──────── DATA TO PROCESS

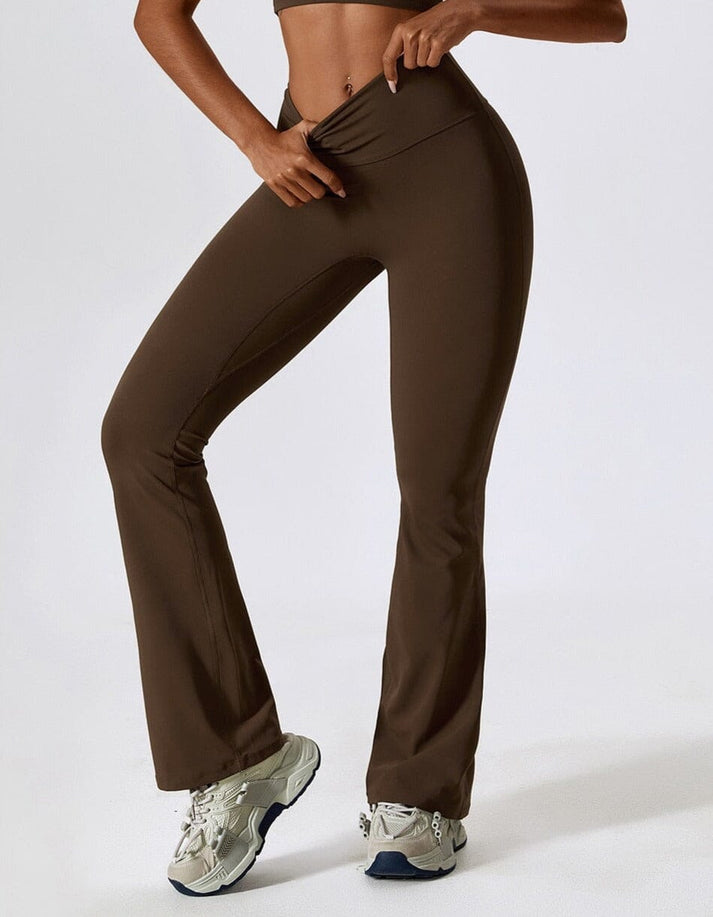 Sylvia | Women’s flared leggings with ruched detail and sleek fit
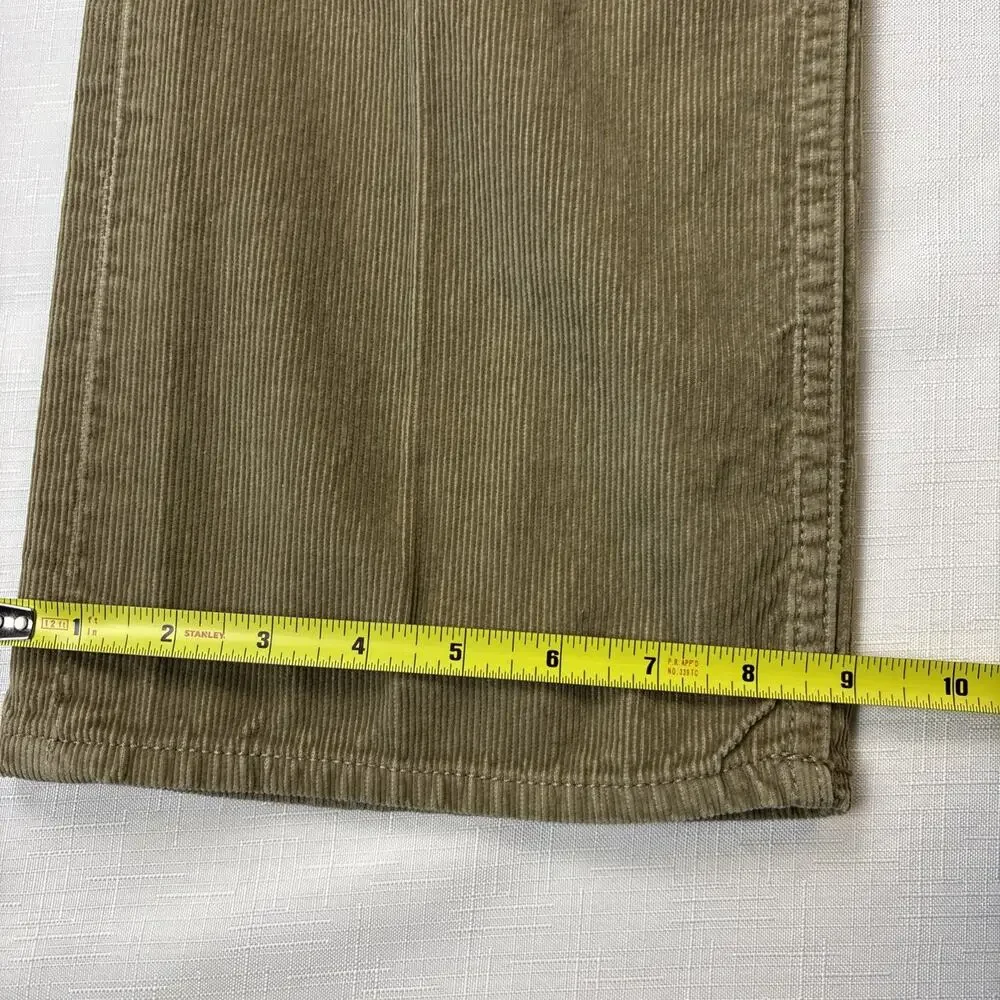 Banana Republic Pima Cotton Corduroy Jeans Pants Mens Size 36x32 Tan Meas 36x32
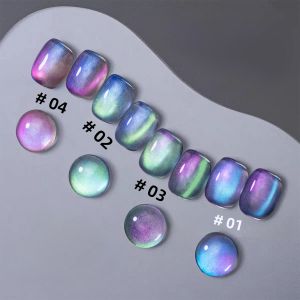 1 Chai Sơn Móng Tay Gel Mắt Mèo Màu Tím ZH Autumn Fantasy 12ml Làm Trắng Trang Trí Móng Nghệ Thuật Dành Cho Nữ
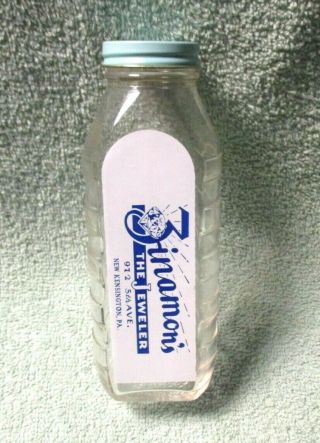 Vintage Glass Baby Bottle Bank Zinamon 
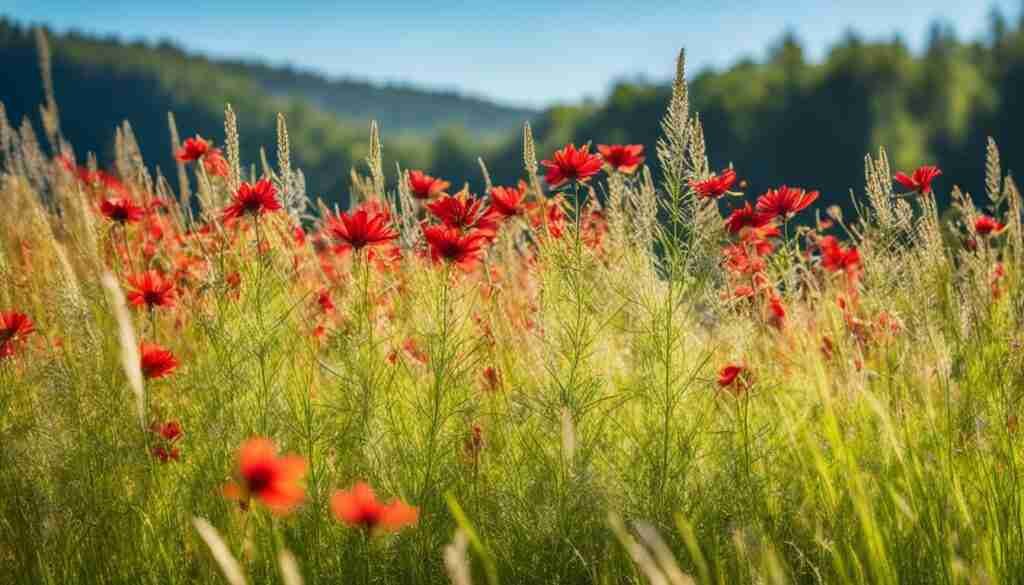 Native red flowers of Hungary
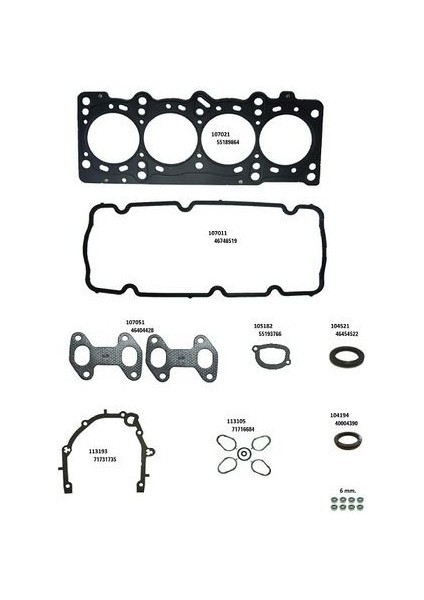 CONTA42427703S - Motor Takım Conta Üst Sktsız Keçelı Subap Lastıklı Doblo Palıo 1.9d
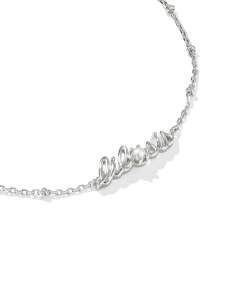 Lil Sis Silver Delicate Chain Bracelet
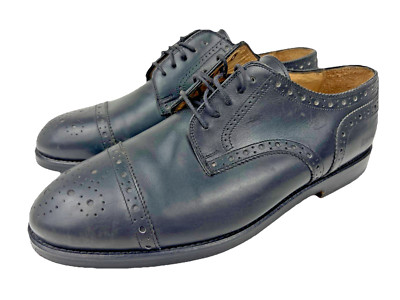 Rare Truman Leather Black Handmade Dress Shoes Size  43 90715243 G2U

────────────────

REQUIRED WORK:
Copy nothing but the lines above from the one with "Vintage Glass Baby Bottle Bank Zinamon" through the end of the material, word for word, and drop the pictures.

RESULT OF THE EXERCISE:
 Vintage Glass Baby Bottle Bank Zinamon 
 Native red flowers of Hungary
 CONTA42427703S - Motor Takım Conta Üst Sktsız Keçelı Subap Lastıklı Doblo Palıo 1.9d
 Lil Sis Silver Delicate Chain Bracelet
 Rare Truman Leather Black Handmade Dress Shoes Size  43 90715243 G2U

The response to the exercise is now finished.